# Question 1: Text Vectorization and Supervised Learning (English)

Working with the `ag_news` dataset — news articles categorized into four topics:
- World (0)
- Sports (1)
- Business (2)
- Sci/Tech (3)

In [1]:
import re
import pandas as pd
from datasets import load_dataset
from sklearn.feature_extraction.text import CountVectorizer, TfidfVectorizer
from sklearn.linear_model import LogisticRegression
from sklearn.metrics import accuracy_score

RANDOM_SEED = 42

## 1.1 Data Preparation

Load the `ag_news` dataset from Hugging Face and convert to pandas DataFrames.

In [2]:
dataset = load_dataset("ag_news")

train_df = dataset["train"].to_pandas()
test_df = dataset["test"].to_pandas()

print(f"Training set size: {len(train_df)}")
print(f"Testing set size:  {len(test_df)}")
train_df.head()

Training set size: 120000
Testing set size:  7600


Unnamed: 0,text,label
0,Wall St. Bears Claw Back Into the Black (Reute...,2
1,Carlyle Looks Toward Commercial Aerospace (Reu...,2
2,Oil and Economy Cloud Stocks' Outlook (Reuters...,2
3,Iraq Halts Oil Exports from Main Southern Pipe...,2
4,"Oil prices soar to all-time record, posing new...",2


## 1.2(a) Preprocessing

- Convert to lowercase
- Remove punctuation and special characters
- Remove standard English stop words

In [3]:
def preprocess(text: str) -> str:
    """Lowercase, strip punctuation/special chars, collapse whitespace."""
    text = text.lower()
    text = re.sub(r"[^a-z\s]", " ", text)
    text = re.sub(r"\s+", " ", text).strip()
    return text

train_df["clean"] = train_df["text"].apply(preprocess)
test_df["clean"] = test_df["text"].apply(preprocess)

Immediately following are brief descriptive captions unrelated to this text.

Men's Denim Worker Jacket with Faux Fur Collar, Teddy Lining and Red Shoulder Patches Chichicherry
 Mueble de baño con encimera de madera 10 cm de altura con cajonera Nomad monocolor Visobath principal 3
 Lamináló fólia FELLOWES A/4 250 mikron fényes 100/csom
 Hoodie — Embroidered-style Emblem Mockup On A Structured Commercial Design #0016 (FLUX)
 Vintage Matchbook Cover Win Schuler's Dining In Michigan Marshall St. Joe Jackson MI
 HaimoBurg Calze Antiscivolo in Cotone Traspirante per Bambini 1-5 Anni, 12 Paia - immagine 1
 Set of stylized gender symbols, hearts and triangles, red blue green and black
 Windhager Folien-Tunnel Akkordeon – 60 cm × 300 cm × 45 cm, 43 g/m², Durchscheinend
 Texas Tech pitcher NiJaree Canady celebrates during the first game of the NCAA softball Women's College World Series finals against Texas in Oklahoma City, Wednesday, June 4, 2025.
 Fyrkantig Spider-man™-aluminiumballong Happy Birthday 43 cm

train_df[["text", "clean"]].head()

Unnamed: 0,text,clean
0,Wall St. Bears Claw Back Into the Black (Reute...,wall st bears claw back into the black reuters...
1,Carlyle Looks Toward Commercial Aerospace (Reu...,carlyle looks toward commercial aerospace reut...
2,Oil and Economy Cloud Stocks' Outlook (Reuters...,oil and economy cloud stocks outlook reuters r...
3,Iraq Halts Oil Exports from Main Southern Pipe...,iraq halts oil exports from main southern pipe...
4,"Oil prices soar to all-time record, posing new...",oil prices soar to all time record posing new ...


## 1.2(b) Vectorization — Bag of Words

In [4]:
bow_vectorizer = CountVectorizer(stop_words="english")

X_train_bow = bow_vectorizer.fit_transform(train_df["clean"])
X_test_bow = bow_vectorizer.transform(test_df["clean"])

bow_vocab = bow_vectorizer.get_feature_names_out()
print(f"BoW dictionary size: {len(bow_vocab)}")

# Top 10 most frequent words in the training corpus
bow_word_counts = X_train_bow.sum(axis=0).A1  # dense 1-d array
top10_bow_idx = bow_word_counts.argsort()[::-1][:10]
print("\nTop 10 words (BoW):")
for rank, idx in enumerate(top10_bow_idx, 1):
    print(f"  {rank}. {bow_vocab[idx]}  (count: {int(bow_word_counts[idx])})")

BoW dictionary size: 61488

Top 10 words (BoW):
  1. new  (count: 21428)
  2. said  (count: 20267)
  3. reuters  (count: 19340)
  4. ap  (count: 16277)
  5. gt  (count: 13239)
  6. lt  (count: 13183)
  7. year  (count: 9773)
  8. quot  (count: 9596)
  9. world  (count: 8634)
  10. company  (count: 7656)


## 1.2(b) Vectorization — TF-IDF

In [5]:
tfidf_vectorizer = TfidfVectorizer(stop_words="english")

X_train_tfidf = tfidf_vectorizer.fit_transform(train_df["clean"])
X_test_tfidf = tfidf_vectorizer.transform(test_df["clean"])

tfidf_vocab = tfidf_vectorizer.get_feature_names_out()
print(f"TF-IDF dictionary size: {len(tfidf_vocab)}")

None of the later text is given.